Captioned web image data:
┌──

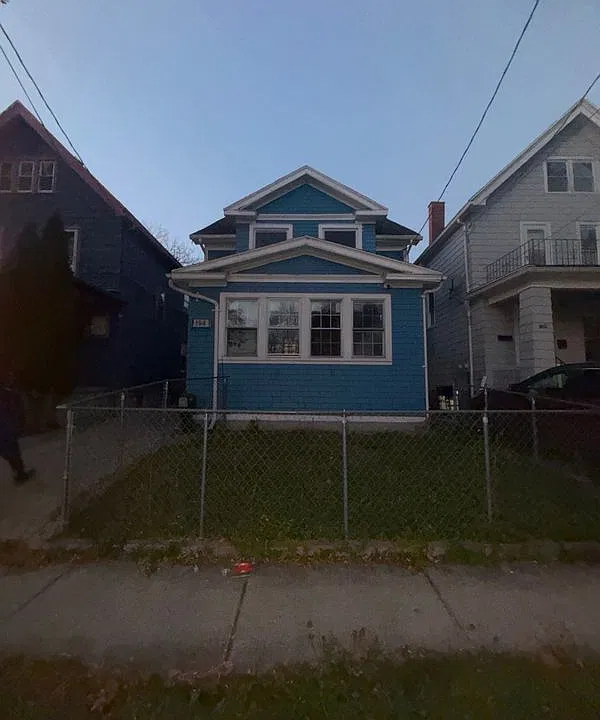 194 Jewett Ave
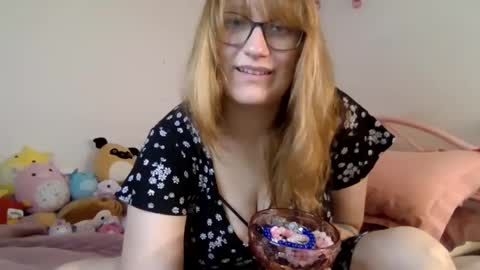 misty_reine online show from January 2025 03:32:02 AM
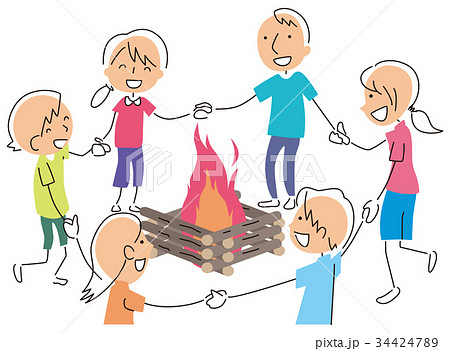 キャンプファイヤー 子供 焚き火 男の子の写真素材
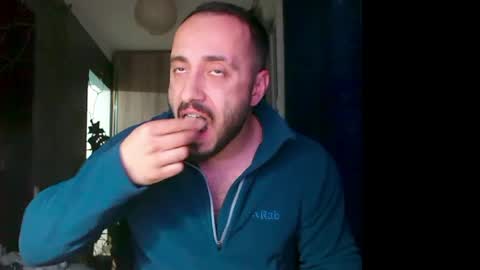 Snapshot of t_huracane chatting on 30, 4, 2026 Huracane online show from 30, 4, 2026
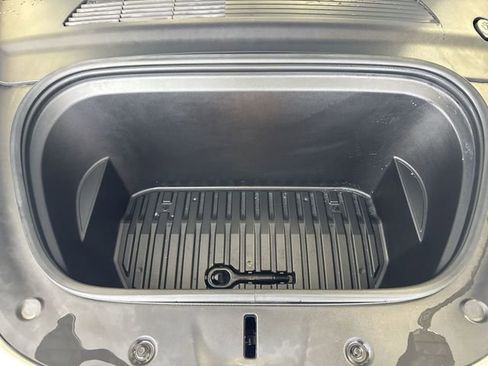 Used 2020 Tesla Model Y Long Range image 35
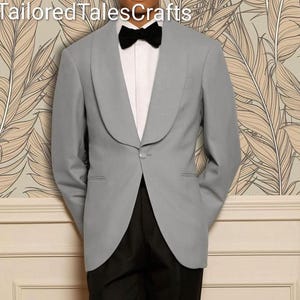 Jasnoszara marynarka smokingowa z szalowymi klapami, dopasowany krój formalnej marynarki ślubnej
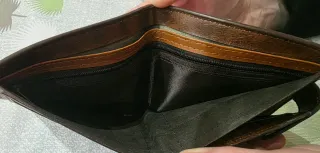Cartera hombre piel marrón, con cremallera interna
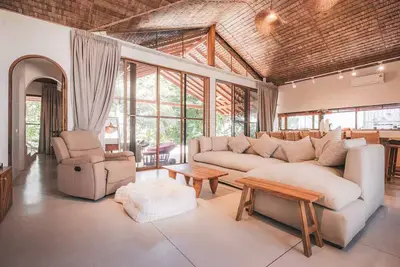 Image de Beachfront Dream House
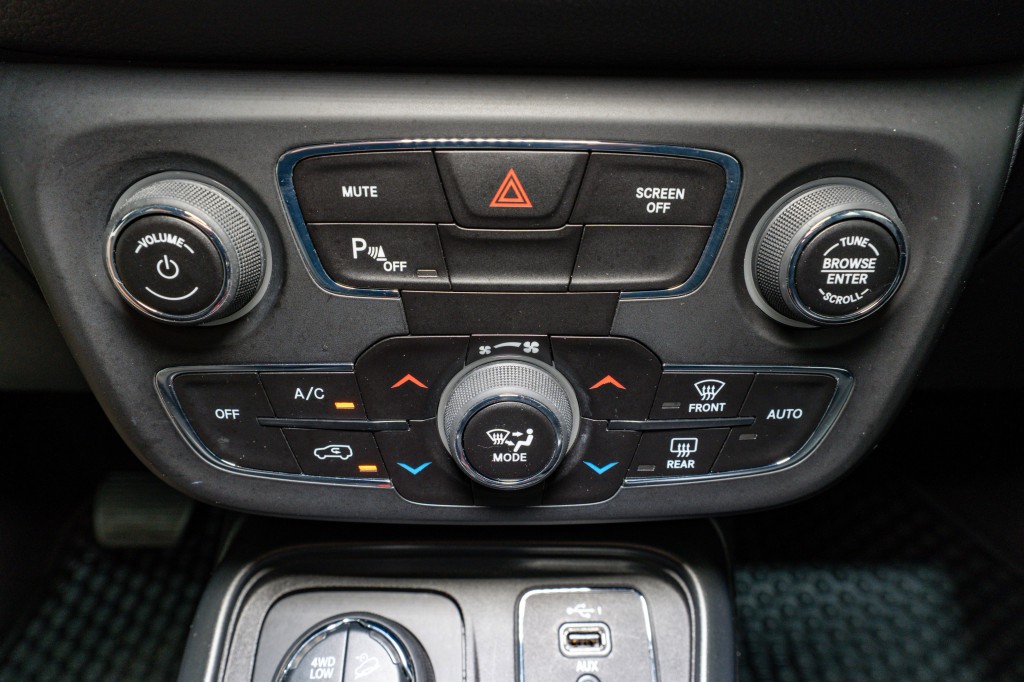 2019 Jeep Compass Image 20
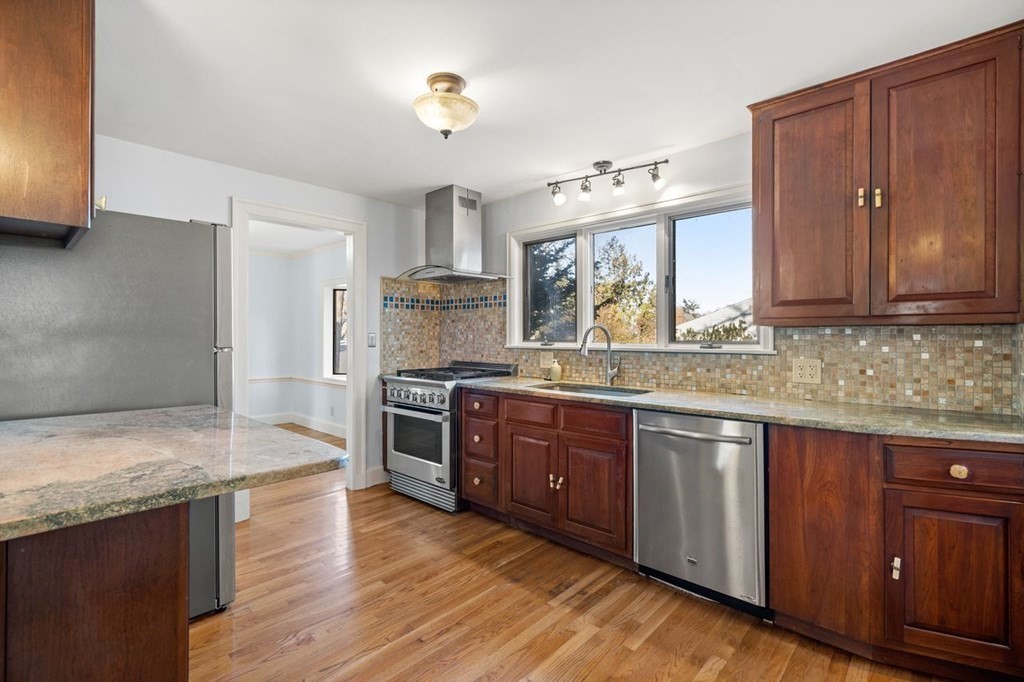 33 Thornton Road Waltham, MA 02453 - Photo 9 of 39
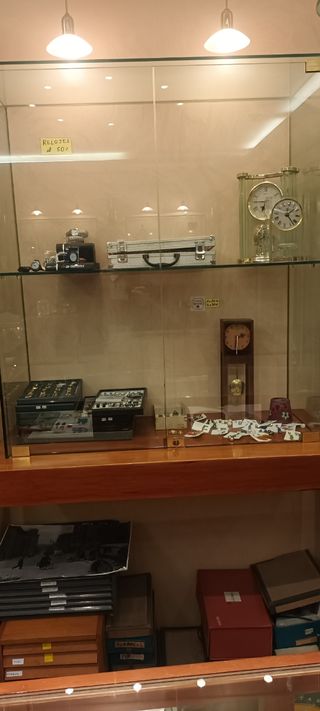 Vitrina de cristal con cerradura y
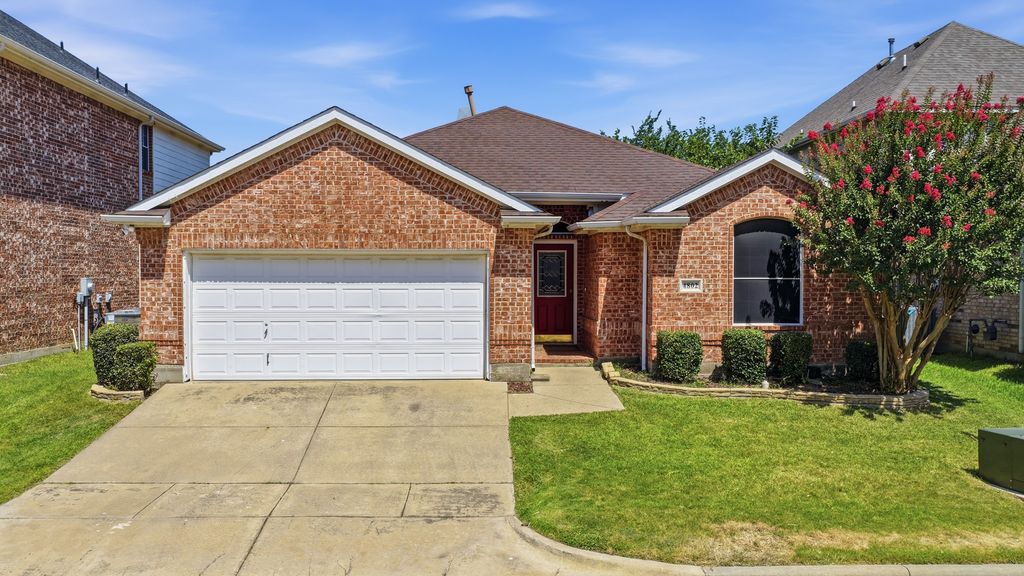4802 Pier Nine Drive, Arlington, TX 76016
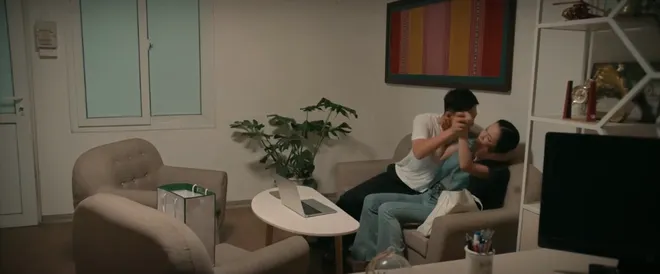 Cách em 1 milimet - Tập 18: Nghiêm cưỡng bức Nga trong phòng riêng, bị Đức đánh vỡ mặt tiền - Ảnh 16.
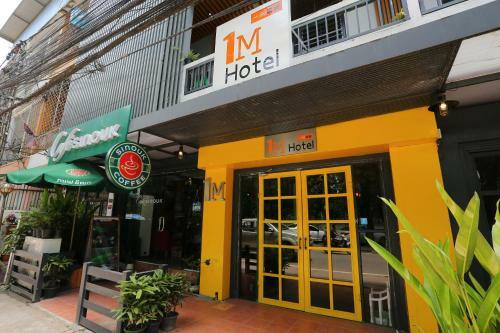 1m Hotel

└──

Look for the line that contains "Used 2020 Tesla Model Y Long Range image 35", then please copy it and the rest of the lines through the end of the data, pictures excluded.

 Used 2020 Tesla Model Y Long Range image 35
 Jasnoszara marynarka smokingowa z szalowymi klapami, dopasowany krój formalnej marynarki ślubnej
Cartera hombre piel marrón, con cremallera interna
 Image de Beachfront Dream House
 2019 Jeep Compass Image 20
 33 Thornton Road Waltham, MA 02453 - Photo 9 of 39
 Vitrina de cristal con cerradura y
4802 Pier Nine Drive, Arlington, TX 76016
 Cách em 1 milimet - Tập 18: Nghiêm cưỡng bức Nga trong phòng riêng, bị Đức đánh vỡ mặt tiền - Ảnh 16.
 1m Hotel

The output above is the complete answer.